== Exercise directions ==
Every line in the records below between the one holding "Morgana Long Sleeved Shirt - Green - Image 3" and the one holding "Modern European furniture", inclusive, is to be set down exactly; all other lines are to be left out.

== Extracted material ==
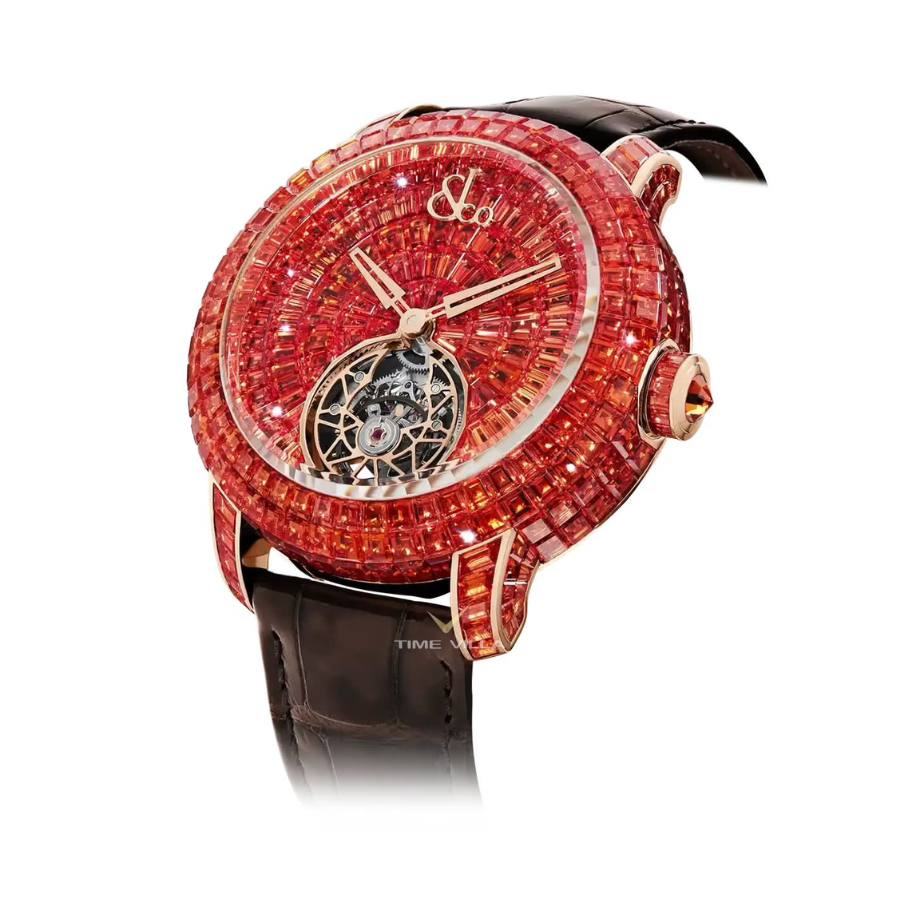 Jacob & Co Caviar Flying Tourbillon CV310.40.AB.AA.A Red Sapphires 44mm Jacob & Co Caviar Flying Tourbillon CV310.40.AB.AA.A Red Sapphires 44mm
---
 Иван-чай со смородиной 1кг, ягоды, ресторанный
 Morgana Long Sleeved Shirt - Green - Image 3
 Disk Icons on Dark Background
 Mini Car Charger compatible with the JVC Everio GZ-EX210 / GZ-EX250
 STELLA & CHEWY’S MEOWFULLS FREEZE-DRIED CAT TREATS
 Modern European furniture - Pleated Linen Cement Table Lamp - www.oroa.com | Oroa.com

== Answer for the task ==
 Morgana Long Sleeved Shirt - Green - Image 3
 Disk Icons on Dark Background
 Mini Car Charger compatible with the JVC Everio GZ-EX210 / GZ-EX250
 STELLA & CHEWY’S MEOWFULLS FREEZE-DRIED CAT TREATS
 Modern European furniture - Pleated Linen Cement Table Lamp - www.oroa.com | Oroa.com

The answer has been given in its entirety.